Limited improvement because: - Prefetch distance must be large enough to hide DRAM latency (~300 cycles) - But not so large that prefetched data gets evicted before use - Memory bandwidth becomes the bottleneck, not latency

2. Sequential SW Prefetch Beats Hardware

Surprisingly, software prefetching beats the hardware prefetcher for sequential access. The hardware prefetcher is conservative - it doesn't fetch too far ahead to avoid cache pollution. Our explicit prefetch with distance +64 (512 bytes ahead) is more aggressive and wins when we know the pattern perfectly.

3. Optimal Prefetch Distance

Depends on memory latency (~75ns), loop iteration time, and cache capacity. For random access, +32 to +128 works well. For sequential, +64 (512 bytes = 8 cache lines) is effective.

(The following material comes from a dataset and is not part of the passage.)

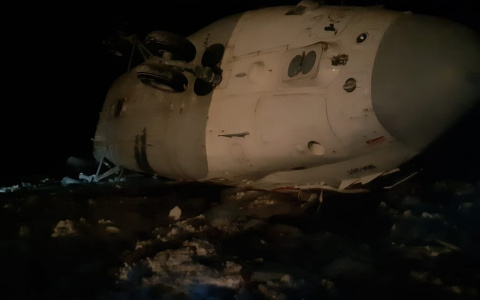 На границе с Коми разбился вертолет (фото)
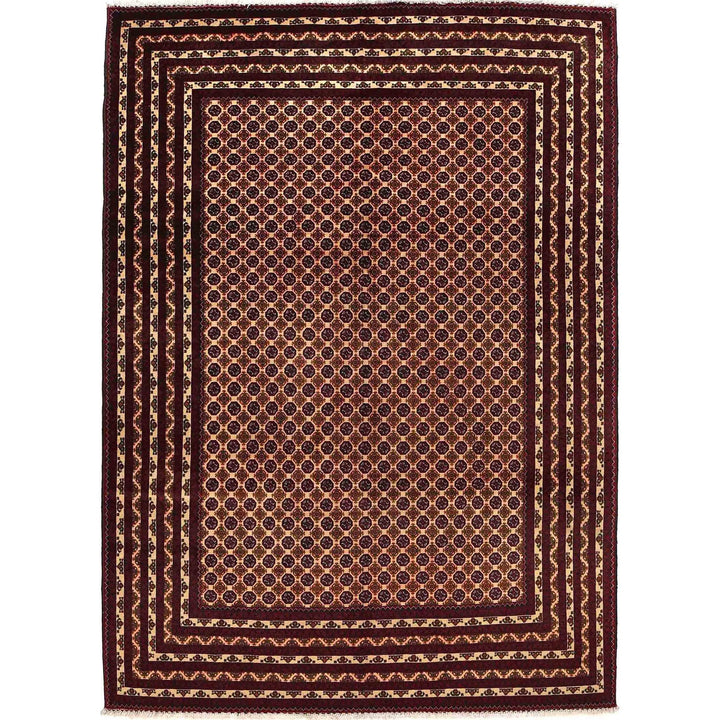 Beige Color Khoja Roshnai Area Rug 6' 5" x 9' 3" - No. AL10954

When Prefetching Doesn't Help

Pointer chasing: Can't prefetch array[array[i]] because you don't know array[i] yet
Unpredictable patterns: If you don't know future addresses, you can't prefetch them
Cache-resident data: Prefetching hurts if data is already in cache (extra instructions)
Bandwidth-bound: If memory bandwidth is saturated, prefetching adds pressure

The Instruction

__builtin_prefetch(addr, rw, locality);
// rw: 0 = read, 1 = write
// locality: 0 = no temporal locality, 3 = high temporal locality

Compiles to x86 prefetchnta (non-temporal) or prefetcht0/t1/t2 (temporal).

Running

./bench pf_none 256   # Random baseline
./bench pf_32 256     # Random prefetch +32
./bench pf_seq 256    # Sequential hw prefetch only
./bench pf_seq64 256  # Sequential sw prefetch +64